**Given data:**
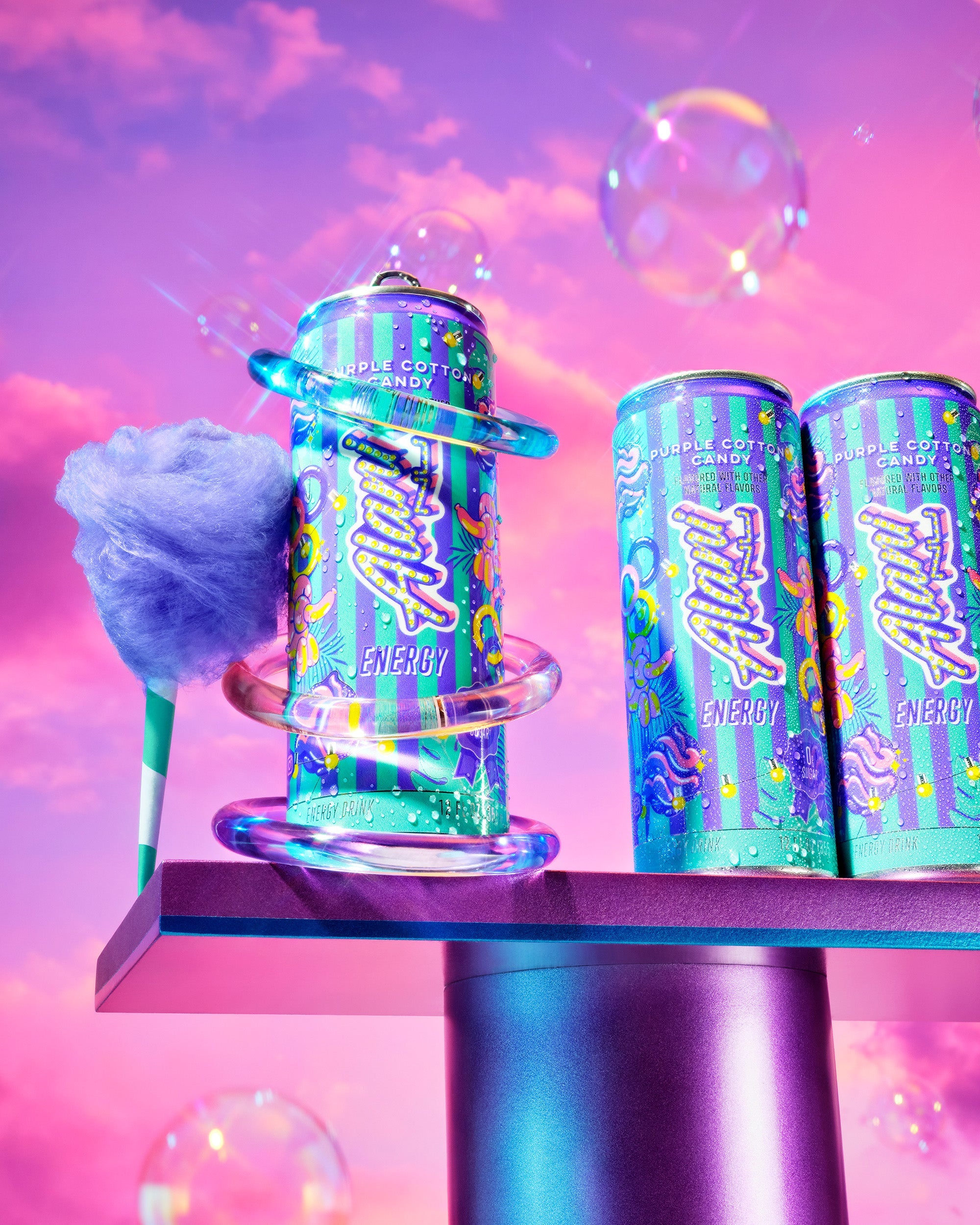 Purple Cotton Candy Alani cans with cotton candy campaign props
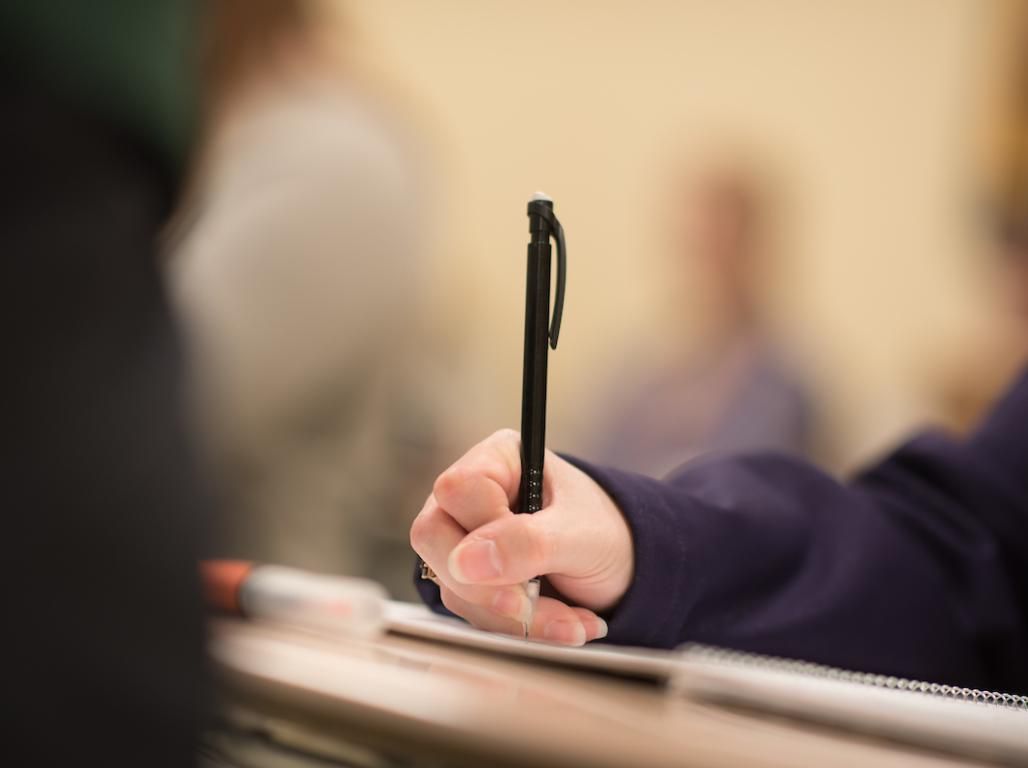 A student using a pencil to write on a piece of paper.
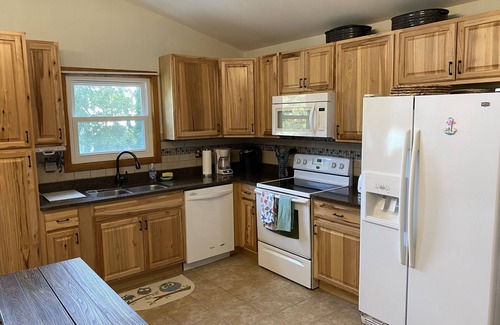 Colington Cottage | Perfectly situated in KDH;Game room downstairs, outdoor fire pit; Lrg front deck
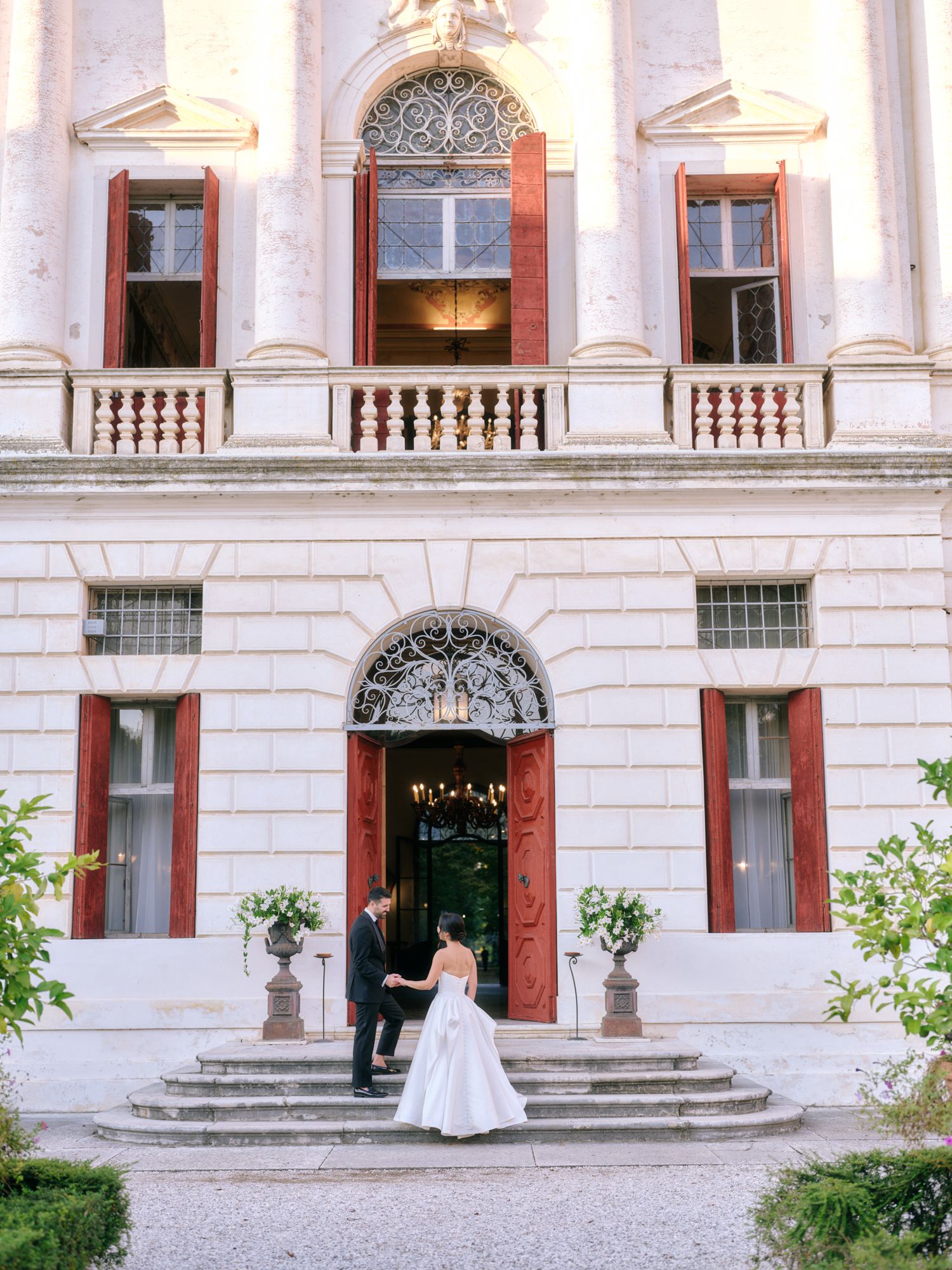 Elegant couple in formal attire walk up grand stone steps of historic building with ornate architectural details.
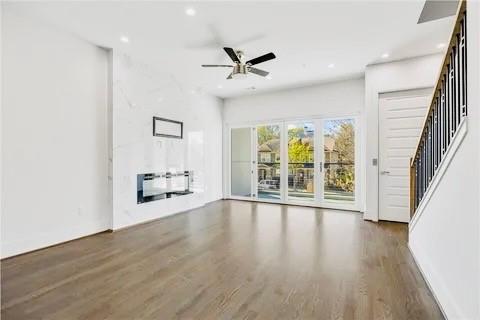 223 16th Street Northwest, Unit 8 Atlanta, GA 30363 - Photo 17 of 43 an empty room with wooden floor and windows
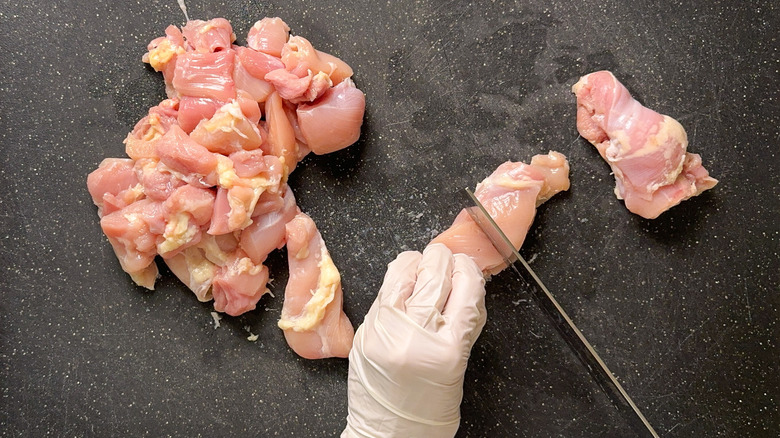 Cutting boneless skinless chicken thighs into pieces on cutting board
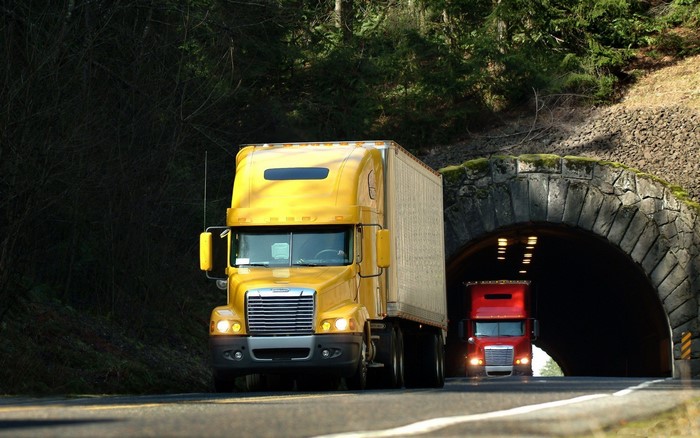 Yellow and red Freightliner trucks on a road near a tunnel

**Exercise:**
Each record should be written out exactly, and each image should be omitted.

**Answer box:**
 Purple Cotton Candy Alani cans with cotton candy campaign props
 A student using a pencil to write on a piece of paper.
 Colington Cottage | Perfectly situated in KDH;Game room downstairs, outdoor fire pit; Lrg front deck
 Elegant couple in formal attire walk up grand stone steps of historic building with ornate architectural details.
 223 16th Street Northwest, Unit 8 Atlanta, GA 30363 - Photo 17 of 43 an empty room with wooden floor and windows
 Cutting boneless skinless chicken thighs into pieces on cutting board
 Yellow and red Freightliner trucks on a road near a tunnel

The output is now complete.